Introduction

Distal forearm fractures are among the most common fractures encountered in pediatric populations and frequently involve both the ulna and radius [1,2,3,4,5]. Most of these fractures can be treated conservatively with good clinical outcomes due to the considerable remodeling potential of the distal part of the ulna and radius in children [5; 6]. However, for severely displaced fractures, operation may be necessary to restore anatomic alignment and maximize wrist motion [7,8,9]. Closed reduction and percutaneous pinning is the most common treatment method [7; 8]. In clinical practice, it is relatively easy to fix fractures of the distal radius, whereas fixation of distal ulnar fractures is very challenging due to its small diameter and triangular prism-like shape. For distal ulnar fractures that are slightly further from the epiphysis, elastic stable intramedullary nail fixation can be used, which requires a second surgery for removal [10]. Despite the controversy, recent studies suggest that untreated ulnar styloid fractures and ulnar styloid nonunions in adults do not affect patient outcomes in distal radius fractures treated with open reduction and internal fixation (ORIF) of the radius alone [11,12,13,14,15,16,17,18,19].
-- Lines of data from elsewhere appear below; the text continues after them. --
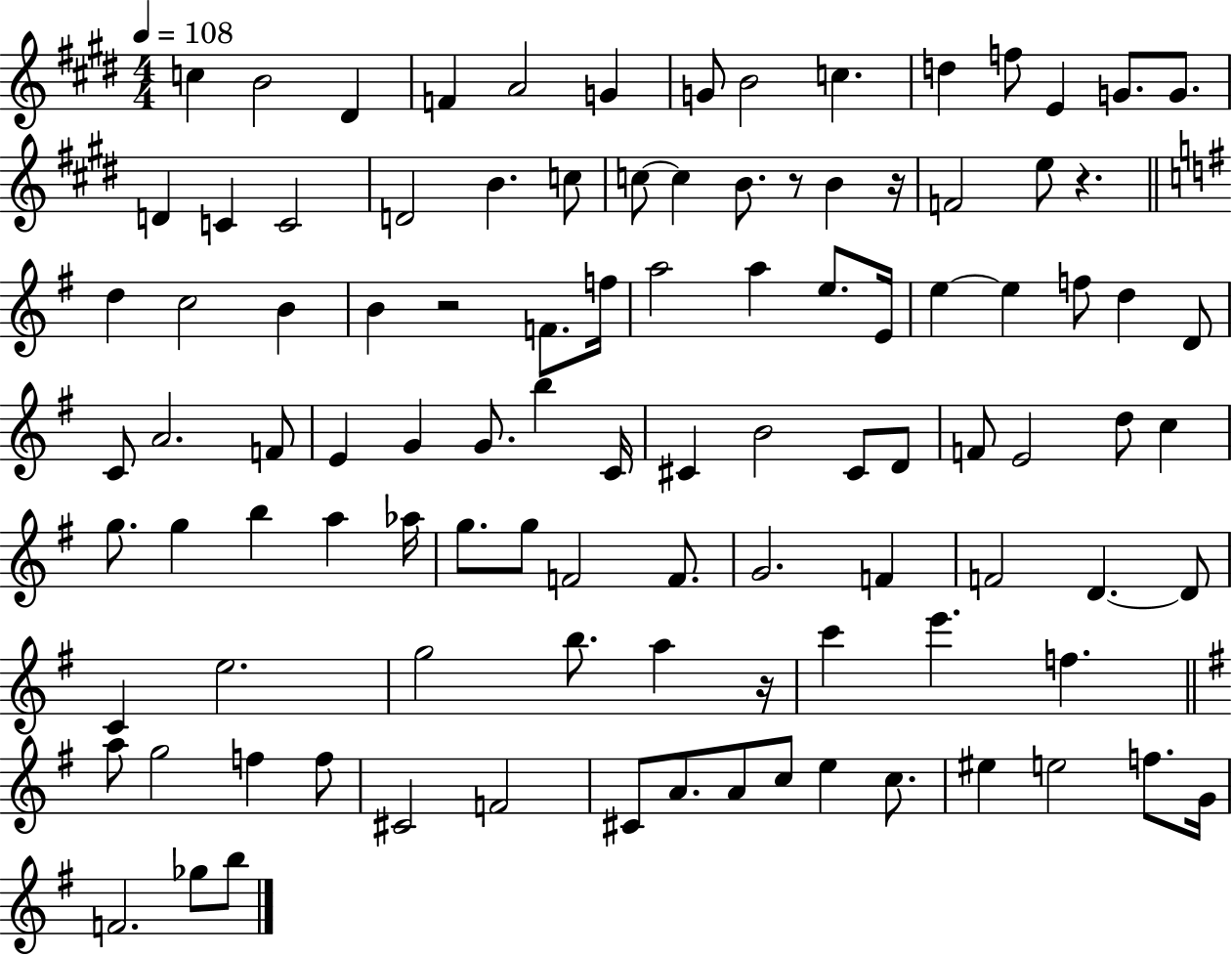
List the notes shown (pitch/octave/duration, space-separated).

C5/q B4/h D#4/q F4/q A4/h G4/q G4/e B4/h C5/q. D5/q F5/e E4/q G4/e. G4/e. D4/q C4/q C4/h D4/h B4/q. C5/e C5/e C5/q B4/e. R/e B4/q R/s F4/h E5/e R/q. D5/q C5/h B4/q B4/q R/h F4/e. F5/s A5/h A5/q E5/e. E4/s E5/q E5/q F5/e D5/q D4/e C4/e A4/h. F4/e E4/q G4/q G4/e. B5/q C4/s C#4/q B4/h C#4/e D4/e F4/e E4/h D5/e C5/q G5/e. G5/q B5/q A5/q Ab5/s G5/e. G5/e F4/h F4/e. G4/h. F4/q F4/h D4/q. D4/e C4/q E5/h. G5/h B5/e. A5/q R/s C6/q E6/q. F5/q. A5/e G5/h F5/q F5/e C#4/h F4/h C#4/e A4/e. A4/e C5/e E5/q C5/e. EIS5/q E5/h F5/e. G4/s F4/h. Gb5/e B5/e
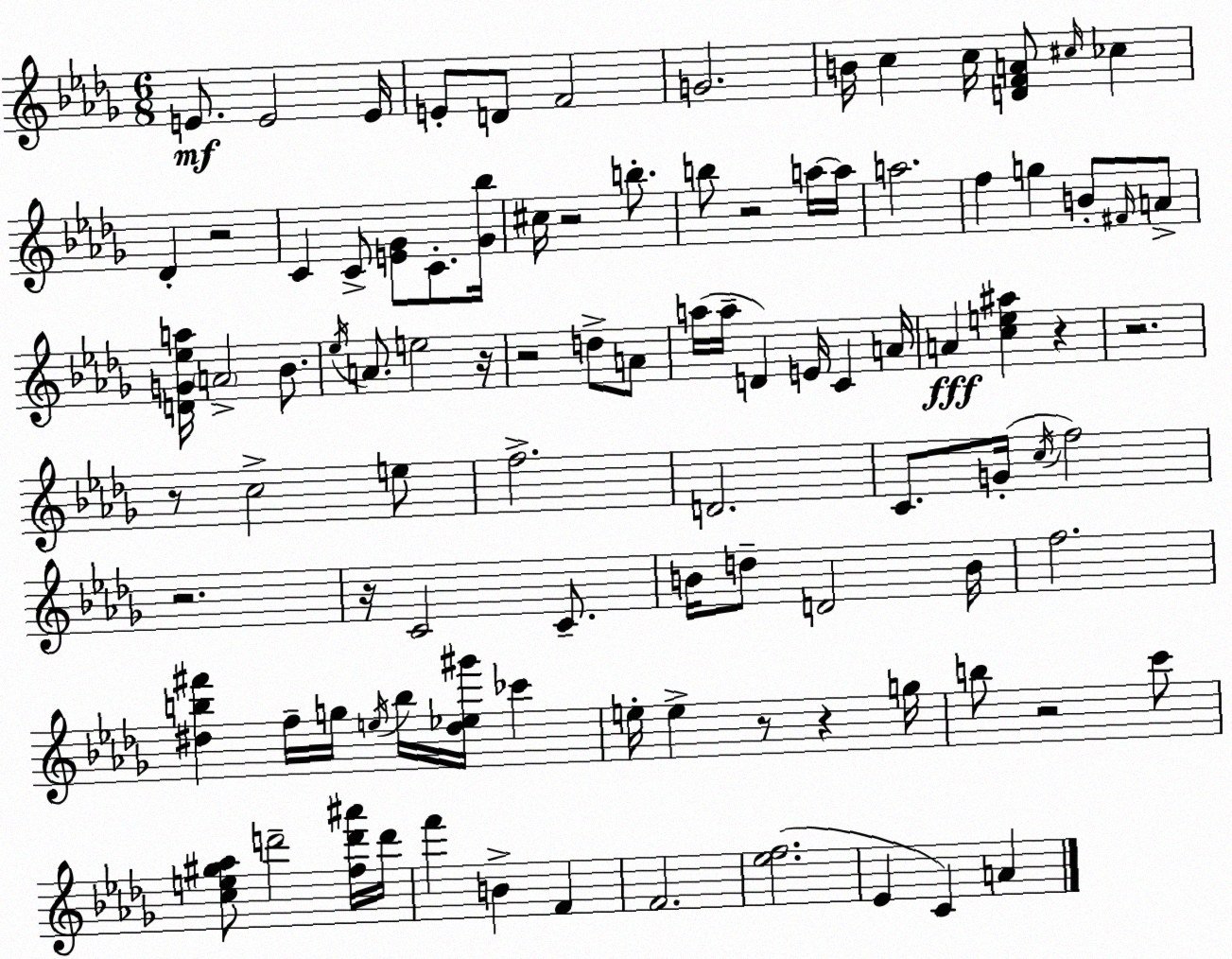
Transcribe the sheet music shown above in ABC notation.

X:1
T:Untitled
M:6/8
L:1/4
K:Bbm
E/2 E2 E/4 E/2 D/2 F2 G2 B/4 c c/4 [DFA]/2 ^c/4 _c _D z2 C C/2 [E_G]/2 C/2 [_G_b]/4 ^c/4 z2 b/2 b/2 z2 a/4 a/4 a2 f g B/2 ^F/4 A/2 [DG_ea]/4 A2 _B/2 _e/4 A/2 e2 z/4 z2 d/2 A/2 a/4 a/4 D E/4 C A/4 A [ce^a] z z2 z/2 c2 e/2 f2 D2 C/2 G/4 c/4 f2 z2 z/4 C2 C/2 B/4 d/2 D2 B/4 f2 [^db^f'] f/4 g/4 e/4 b/4 [^d_e^g']/4 _c' e/4 e z/2 z g/4 b/2 z2 c'/2 [ce^g_a]/2 d'2 [fd'^a']/4 d'/4 f' B F F2 [_ef]2 _E C A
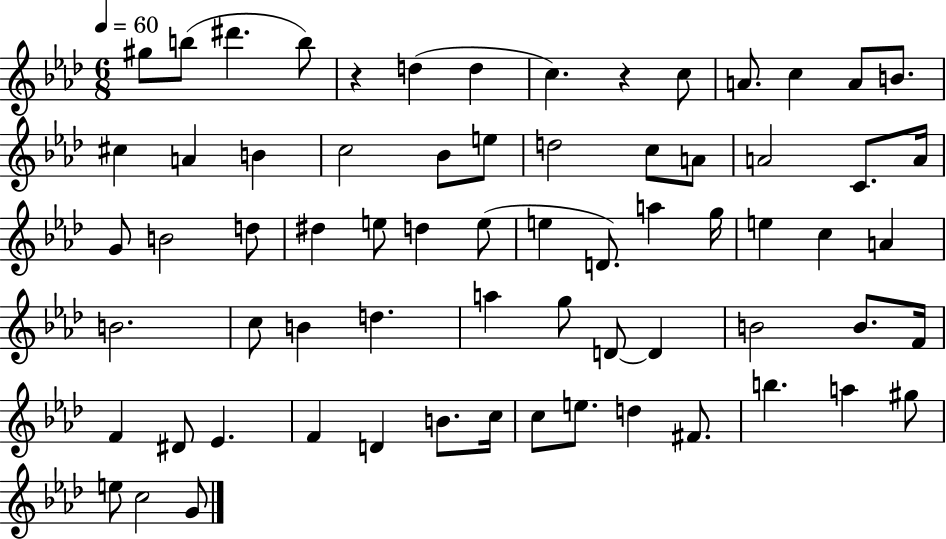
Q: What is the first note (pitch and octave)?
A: G#5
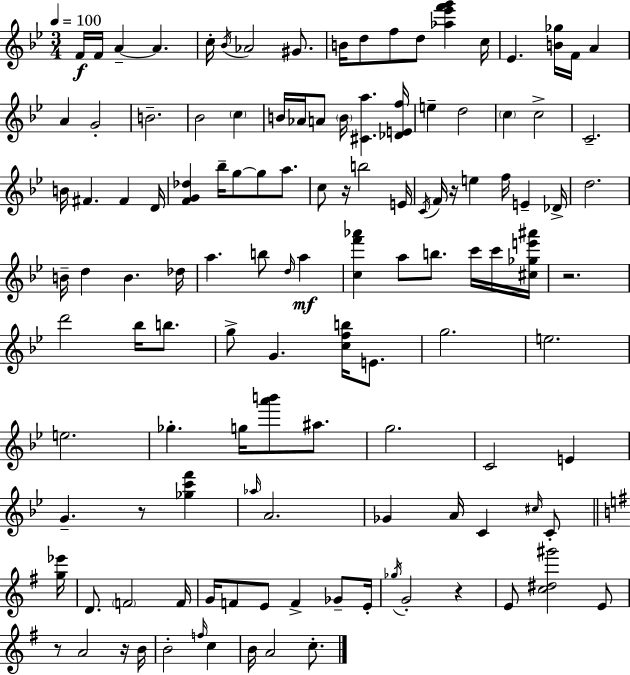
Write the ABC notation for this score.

X:1
T:Untitled
M:3/4
L:1/4
K:Bb
F/4 F/4 A A c/4 _B/4 _A2 ^G/2 B/4 d/2 f/2 d/2 [_a_e'f'g'] c/4 _E [B_g]/4 F/4 A A G2 B2 _B2 c B/4 _A/4 A/2 B/4 [^Ca] [_DEf]/4 e d2 c c2 C2 B/4 ^F ^F D/4 [FG_d] _b/4 g/2 g/2 a/2 c/2 z/4 b2 E/4 C/4 F/4 z/4 e f/4 E _D/4 d2 B/4 d B _d/4 a b/2 d/4 a [cf'_a'] a/2 b/2 c'/4 c'/4 [^c_ge'^a']/4 z2 d'2 _b/4 b/2 g/2 G [cfb]/4 E/2 g2 e2 e2 _g g/4 [a'b']/2 ^a/2 g2 C2 E G z/2 [_gc'f'] _a/4 A2 _G A/4 C ^c/4 C/2 [g_e']/4 D/2 F2 F/4 G/4 F/2 E/2 F _G/2 E/4 _g/4 G2 z E/2 [c^d^g']2 E/2 z/2 A2 z/4 B/4 B2 f/4 c B/4 A2 c/2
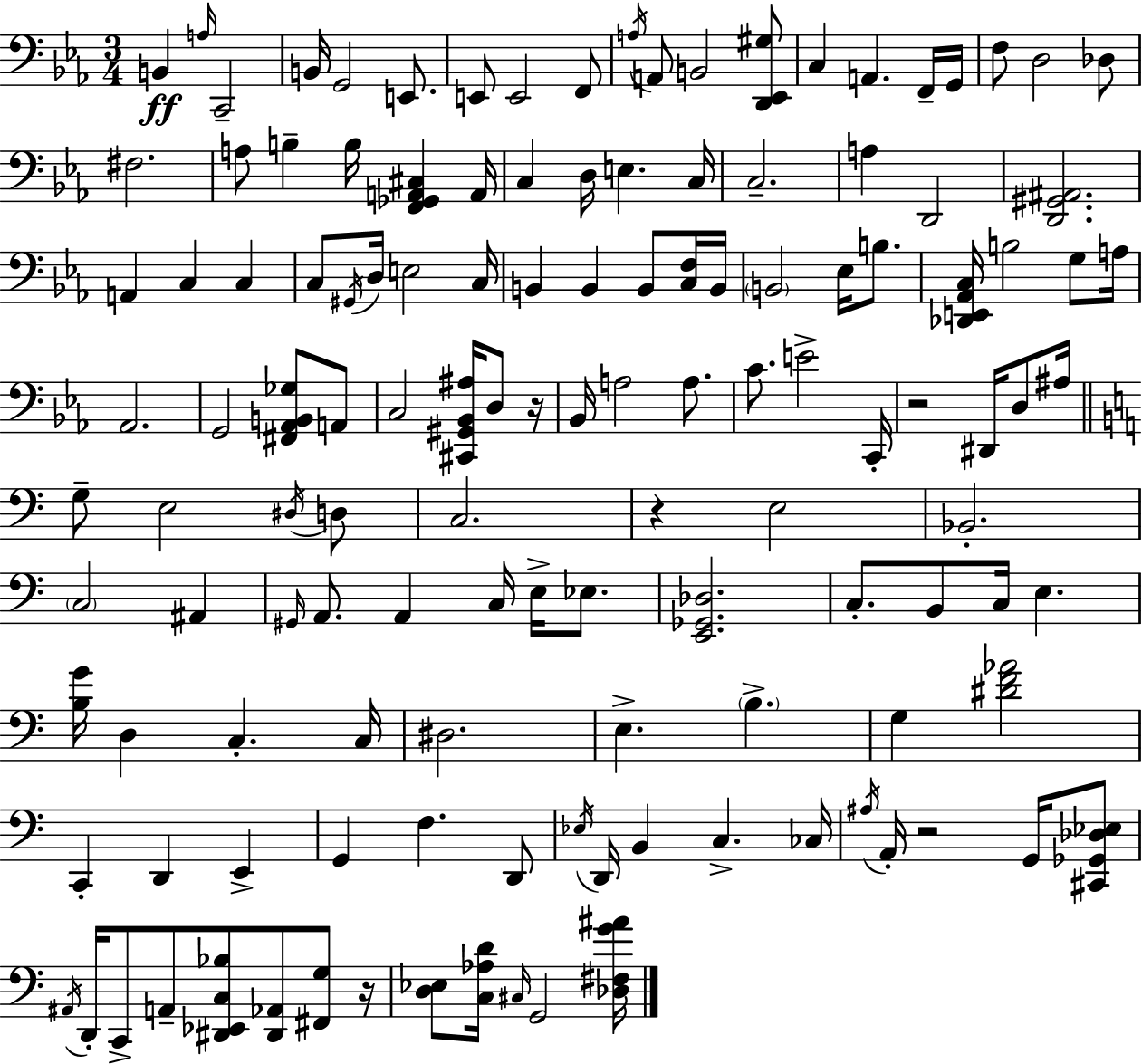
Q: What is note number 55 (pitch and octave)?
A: Bb2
The question remains whether surgical fixation of the ulna for both-bone forearm fractures in children is necessary. Current research in this area is scarce. Thus, in this retrospective study, we evaluated the clinical and functional outcomes of surgically fixing the radius only compared to fixing both the radius and ulna in children with distal both-bone forearm fractures.

Methods

Participants

Data from 71 pediatric patients with distal radius and distal ulnar fractures (DRUF) between September 2017 to September 2022 were collected from two hospital databases. Patients were divided into an ulna-yes group (n = 30) that received fixation of both the radius and ulna and an ulna-no group (n = 41) consisting of patients who received fixation of the radius only.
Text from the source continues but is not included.